(579c) Genome Scale Models As a Data Integration Centre for CHO Cell Process Optimisation | AIChE

(579c) Genome Scale Models As a Data Integration Centre for CHO Cell Process Optimisation

Authors 

Kontoravdi, C., Imperial College London
With the plethora of data becoming available in mammalian cell bioprocessing, genome scale models (GEMs) have emerged as an excellent framework to integrate and understand multiple datasets. These datasets (such as genomic, proteomic, transcriptomic, metabolomic) are rich with information when investigated individually, however when they can be assessed in parallel, the insights gained are multiplicative. It has been difficult to reconcile these datasets in some traditional bioinformatics workflows. As a “hub for understanding the host”, GEMs offer a powerful and easily interpretable method to bring together bioprocess knowledge.

The recent developments of CHO cell GEMs have made it easier to gain deep insights into CHO cell metabolism. These developments have coincided perfectly with the rise of ‘big data’ in the field of systems biology. In this work we outline the potential of genome scale modelling for data interpretation and discuss the steps from process understanding to process optimisation. We demonstrate practically how this workflow has been used in an industrially relevant CHO cell bioprocess.

Starting with the creation of a cell-line specific GEM, we constrain and apply dynamic flux analysis. We connect the fluxomics predictions with layers of omics data across different operating conditions and use pathway analysis to correlate phenotypes with metabolic traits. The resulting predictions identify feeding supplementation strategies to mitigate negative cell culture behaviour and are demonstrated experimentally. We show that the scope of GEMs allows predictions and target identifications that go beyond traditional smaller scale dynamic flux models.
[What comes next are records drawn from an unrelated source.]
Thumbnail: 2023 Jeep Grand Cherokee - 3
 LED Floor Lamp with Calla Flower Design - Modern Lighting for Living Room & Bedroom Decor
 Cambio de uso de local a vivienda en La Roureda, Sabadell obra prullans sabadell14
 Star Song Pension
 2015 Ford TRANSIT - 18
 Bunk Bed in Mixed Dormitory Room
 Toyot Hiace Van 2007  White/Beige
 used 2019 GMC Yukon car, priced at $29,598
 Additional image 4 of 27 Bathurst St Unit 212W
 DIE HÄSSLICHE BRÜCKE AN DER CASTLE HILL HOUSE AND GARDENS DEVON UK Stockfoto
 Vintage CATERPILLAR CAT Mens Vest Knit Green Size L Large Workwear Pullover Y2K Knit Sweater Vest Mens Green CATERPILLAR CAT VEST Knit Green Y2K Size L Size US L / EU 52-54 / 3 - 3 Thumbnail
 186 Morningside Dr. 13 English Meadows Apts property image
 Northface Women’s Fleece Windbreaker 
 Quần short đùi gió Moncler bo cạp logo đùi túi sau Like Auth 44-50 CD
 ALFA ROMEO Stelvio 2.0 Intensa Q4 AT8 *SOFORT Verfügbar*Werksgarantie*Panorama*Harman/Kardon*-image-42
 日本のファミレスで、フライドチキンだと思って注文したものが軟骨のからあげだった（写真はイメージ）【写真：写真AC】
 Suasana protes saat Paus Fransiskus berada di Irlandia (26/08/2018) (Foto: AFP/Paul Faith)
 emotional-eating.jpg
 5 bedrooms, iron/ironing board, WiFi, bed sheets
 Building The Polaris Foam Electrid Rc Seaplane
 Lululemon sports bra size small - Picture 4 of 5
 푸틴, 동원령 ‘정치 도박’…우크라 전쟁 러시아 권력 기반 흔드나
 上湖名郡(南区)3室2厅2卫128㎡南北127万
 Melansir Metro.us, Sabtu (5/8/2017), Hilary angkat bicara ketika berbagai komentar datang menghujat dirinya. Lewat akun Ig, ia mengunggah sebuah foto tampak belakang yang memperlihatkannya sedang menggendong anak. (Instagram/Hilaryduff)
The most common desired phenotypes are growth and antibody productivity, but this approach can be extended to more specific goals, for example redox balance, reduction of toxic metabolites, product quality and ATP generation. From this workflow, key reactions and pathways are identified and strategies are developed to improve process and cell performance that are specific to the system of interest. The strategies are cell based (e.g. genetic engineering) or process based (e.g. media design).